En 1958 et 1962, le général de Gaulle a voulu renforcer le rôle du président de la République notamment en prévoyant son élection au suffrage universel. Du fait de son prestige, de son autorité naturelle, de sa légitimité nationale issue de l’appel du 18 juin 1940, le Général pouvait concilier la hauteur de la mission du chef de l’Etat et une présidence active, impliquée dans le gouvernement quotidien de la France. Son implication directe et son dans l’achèvement de la guerre d’Algérie (1958-1962) a forgé une présidence omniprésente.

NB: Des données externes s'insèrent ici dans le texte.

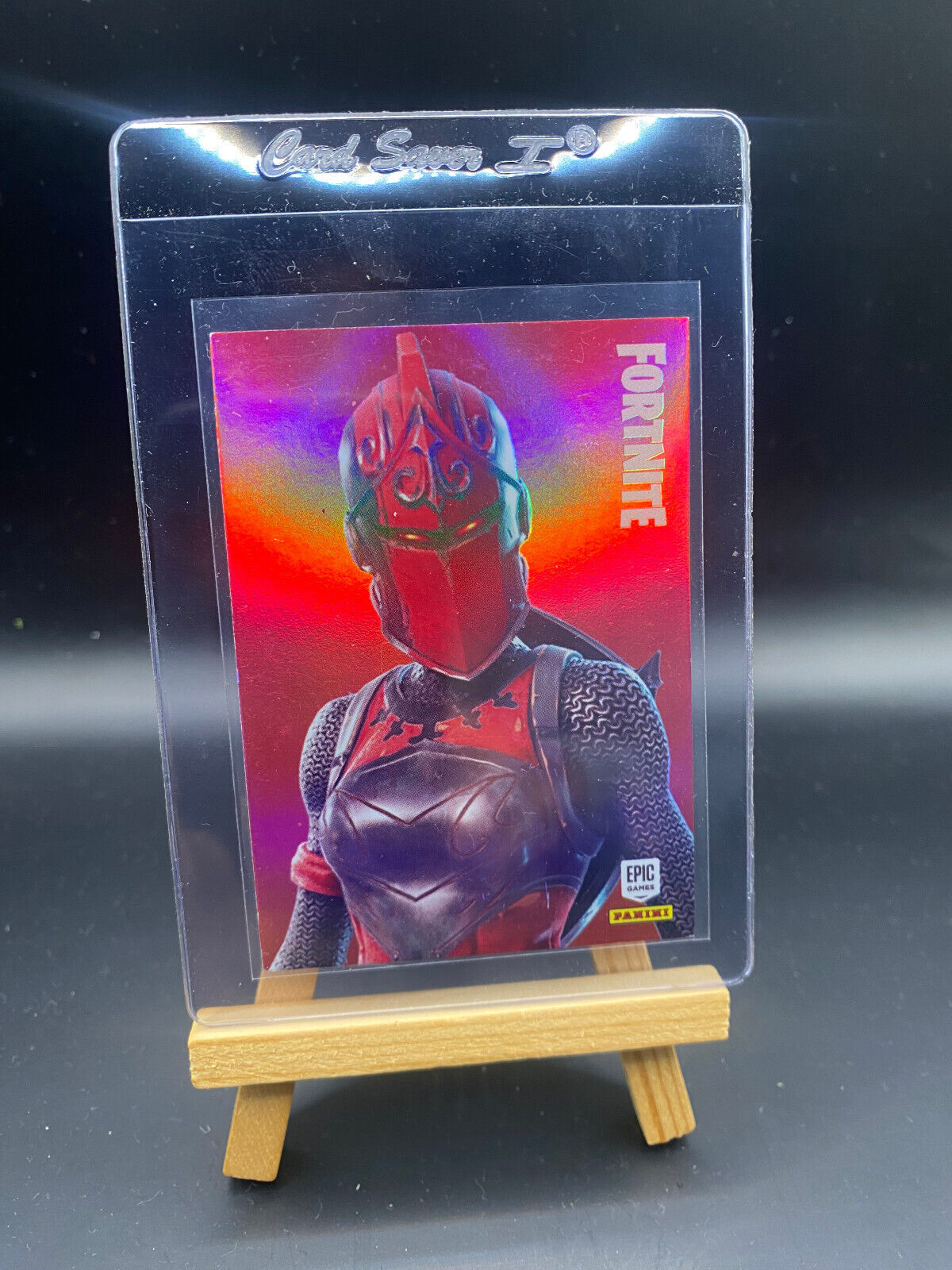 Fortnite Series 1 Nummer 285 Red Knight played (Holo) Sammelkarte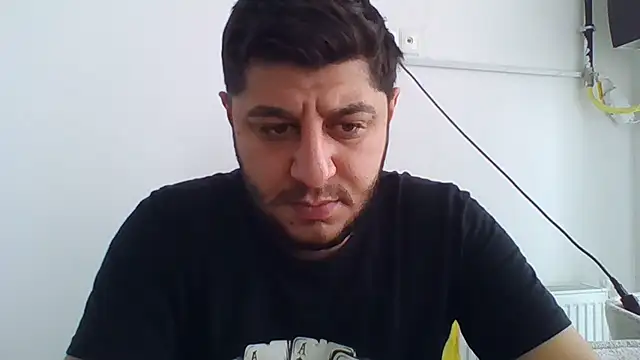 erkekkkadam online show from 12-08-24, 08:30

Mais après son départ en 1969, un bref intermède Pompidou puis VGE, le déclin de l’institution présidentielle n’a cessé de s’amplifier. Les présidents de la République (Mitterrand, Chirac) se sont trouvés écartelés entre leur rôle souverain de représentation de la France à l’international, de sage, garant de l’unité, de la cohésion et de l’avenir à long terme de la Nation, et celui d’élu sur un programme détaillé dont les Français attendent l’accomplissement de promesses. Le passage du septennat au quinquennat en 2000 a achevé de dénaturer la fonction: élu pour un mandat aligné sur celui de l’Assemblée nationale, le président de la République est devenu de facto un chef de la majorité voire d’un parti politique, se substituant au Premier ministre dans le gouvernement quotidien de la France.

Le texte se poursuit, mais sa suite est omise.